Per capire i motivi per i quali oggi – dopo secoli di disinteresse – si riporta l’attenzione su antichi sentieri, mulattiere, luoghi di culto abbandonati dobbiamo analizzare la società medievale.
Ripercorrere a distanza di un millennio quelle stesse strade che in epoca di grandi divisioni univano idealmente i più importanti luoghi della cristianità aprendo nuovi spazi di sviluppo al turismo culturale e devozionale, recuperare beni architettonici e culturali di epoca romanica dimenticati da tempo, offrire ai popoli della Nuova Europa  - mettendoli a confronto con il proprio passato – occasioni di incontro e conoscenza reciproca è l’impegno politico che da alcuni anni si stanno dedicando a tutti i livelli.

L’antica strada romana delle Gallie
si dipartiva da Vercellae o da Quadrata (dove oggi sorge la località di Verolengo) verso il rilievo boscoso della Serra. Probabilmente passava a sud del Lago di Viverone presso la località di Settimo Rottaro – Septimun. La strada attraversava la colonia di Ivrea e raggiungeva Settimo Vittone. Passava per una località definita Ad Pontem, (probabilmente) l’odierno Pont Sant Martin, superava Bard, le antiche località di Quinto, Quart, Nus (indicanti rispettivamente il quinto, il quarto e il nono militare) e arrivava ad Augusta Pretoria (Aosta), ultima tappa prima dei valichi alpini.  Le strade romane cambiavano il paesaggio, lo modellavano e lo attraversavano senza adeguarsi ai mutamenti del territorio.

Secoli più tardi queste strade erano ormai degradate o interrotte a causa delle invasioni barbariche. Solo nel VII sec. d.C. i Longobardi ricostruiscono gli assi viari per mantenere i rapporti tra il Regno di Pavia e i ducati meridionali. I longobardi si adeguarono in parte al tracciato romano della Via Cassia.
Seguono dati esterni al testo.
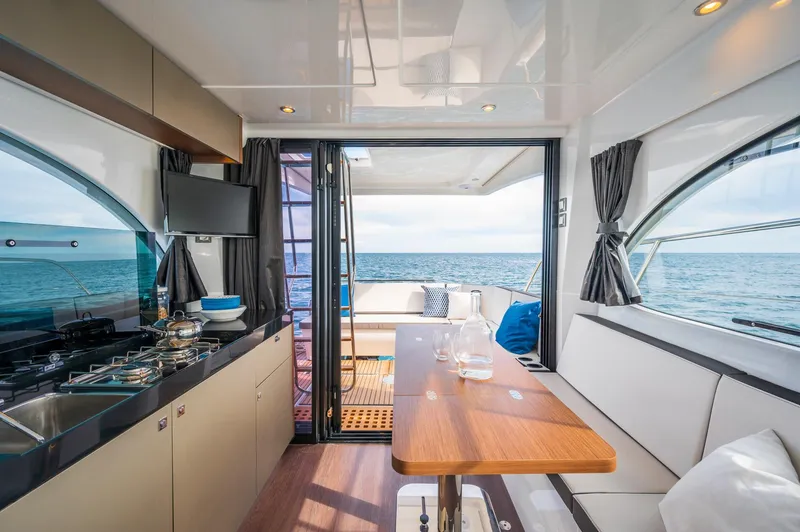 Slide: The Image of Interior of 2026 Beneteau Antares 11 OB yacht with ocean view and modern amenities. - 25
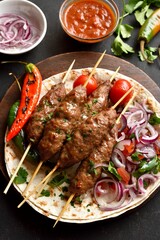 Lula kebab with fresh vegetables on flat bread on wooden platter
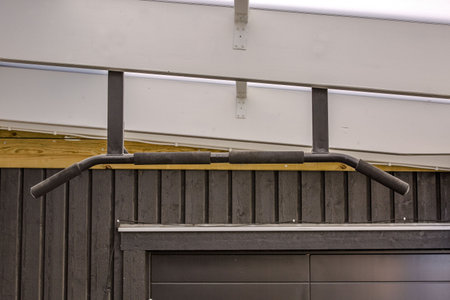 Close up view of outdoor mounted pull up bar. Healthy life style concept.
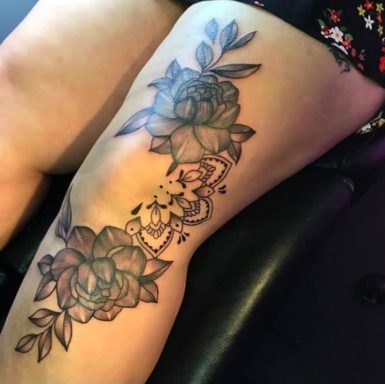 Tattoo of large flowers and intricate patterns on a thigh.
La strada superava presso il Monte Bardone, grazie al passo della Cisa, la catena appenninica per raggiungere il sud, evitando di avvicinarsi troppo ai territori controllati dai bizantini. Passava da Lucca, percorreva la Valle dell’Elsa fino a Siena. Poi proseguiva verso Bolsena, Viterbo e Roma. L’antica strada longobarda rappresentò il nucleo originario della via romea percorsa da folle di pellegrini e dai crociati per tutto il Medioevo.
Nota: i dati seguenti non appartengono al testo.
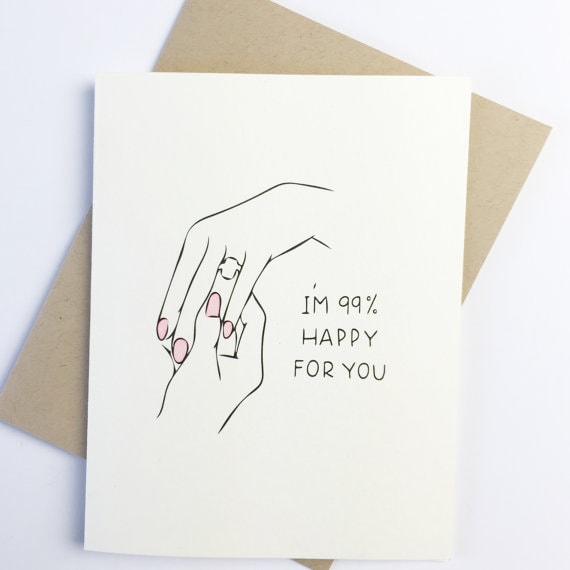 White wedding card with a drawing of two ladies hands, one with a diamond on it. with black font that says 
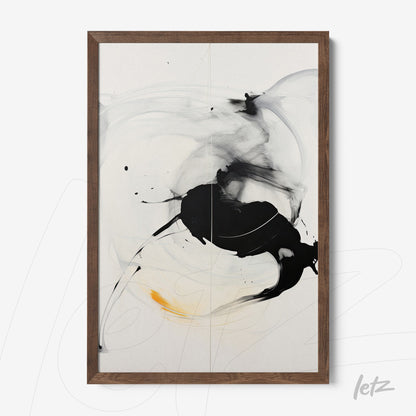 abstract wall art in black and white with a touch of yellow, framed in dark wood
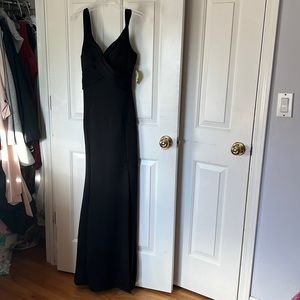 Windsor black long gown form fitting with high slit in a size small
La strada longobarda ottenne un’importanza strategica grazie a Carlo Magno. Carlo Magno sconfisse i Longobardi e occupò la Pianura Padana; la sua ambizione era quella di riunire tutte le terre dell’Europa Cristiana e l’investitura da parte del Papa nella notte di Natale dell’anno 800 ne è l’esempio. La via dei longobardi divenne la via dei franchi. I viaggiatori dell’Europa continentale dall’Artois, dalla valle del Reno, del Rodano e del Danubio, dai porti del mare del Nord confluivano a Ginevra e poi affrontavano la catena alpina. Fino al XII sec. d.C. i viaggiatori sembravano preferire il passo del Gran S. Bernardo, mentre dal XII sec. d.C. in avanti viene privilegiato il Moncenisio. Attraverso la Val Moriana e la Val di Susa i viaggiatori raggiungevano Torino e poi Chivasso e Vercelli e intercettavano l’antica Via Aemilia attraverso il passo della Cisa.

La società medievale
era in constante movimento: imperatori e re con il loro seguito, abati e predicatori furono grandi viaggiatori. Dal re si pretendeva che viaggiasse e si occupasse direttamente dell’amministrazione del regno; inoltre come volevano antiche credenze precristiane, il sovrano aveva poteri taumaturgici ed era portatore di salvezza e fecondità. Gli ecclesiastici fondavano nuove abbazie, predicavano la parola del Signore e viaggiavano spostandosi da un monastero all’altro per ragioni di studio e amministrativo. Verso il X sec. d.C. anche uomini di umili origini, pellegrini animati dalla fede, incominciarono a percorrere le vie devozionali verso i luoghi sacri. Roma, città sacra e sede della Cattedrale di S. Pietro, dopo il XII sec. d.C. divenne a sua volta una tappa lungo il “Chemin de Jerusalem” che giungeva nella Terrasanta riconquistata dalla spada dei crociati. Ma lungo le strade di Francia viaggiarono anche uomini comuni, briganti, saraceni, eserciti mossi delle contese politiche o mercanti animati da un avventuroso spirito d’iniziativa commerciale. Con la rinascita delle città intorno all’anno mille i mercanti toscani, lombardi, astigiani incominciarono a spostarsi acquistando spezie e altre mercanzie nei porti delle città italiane e rivendendoli sui mercati d’oltralpe, nelle fiere delle Champagne.